When focus groups go bad

“This could be a complete waste of my time,” I pondered aloud before I left the house.

“Why?” my wife asked.

“Haven’t you ever been to a disability focus group before?” I laughed. “I’ll snapchat you a picture of the snacks. They’ll be awful.”

They were.

But so was everything else. The writing was on the wall from the start (except it wasn’t) as there was no signage on the building, and when you arrive at 7:30pm in winter, you need some signage. Upon entering, nervous facilitators fussed over where I should sit. I went to partake in the snacks, except they were placed in the middle of the table, out of my reach. The first question the facilitators asked was gob-smackingly ableist (“How would you feel if you were left alone at a table with a disabled person?”), and so I asked the facilitator to clarify what the question meant. She couldn’t. The night went on like this, with clanger after clanger of ableist, hostile language. I almost walked out several times. 90 excruciating minutes later, I got in my car and text my wife.

“What a clusterfuck.”

Here’s the thing. In the same way that cultural minority has tikanga or customs, so does the disability world. For instance, make sure your signage is good. If you’re providing refreshments, make them accessible. Use inclusive language. Be disability confident (and if you’re not, upskill yourself). Have high expectations of participants and facilitate the session well. Don’t let people get dragged down into war stories (we love that shit).

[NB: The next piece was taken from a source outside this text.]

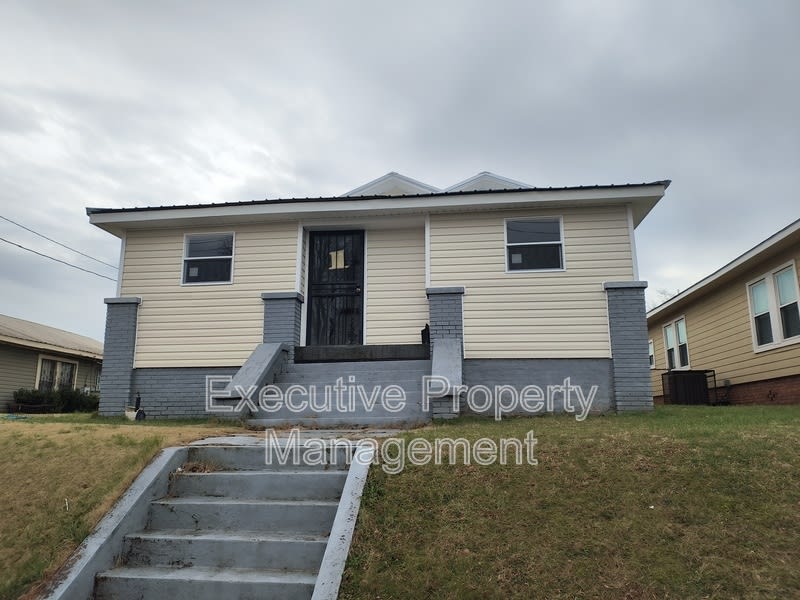 1021 Columbia Street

But do you know what would make your focus group even better?

…If a disabled person had facilitated the session! I know there are potentially some ethical issues around this, but what I’m saying is, that there are plenty of disabled people who could’ve run that session and maintained the disabled participants’ dignity and integrity. Surely that’s not too much to ask.

NB: I’ve followed up with the relevant groups about my experience, in order to ensure it doesn’t happen again.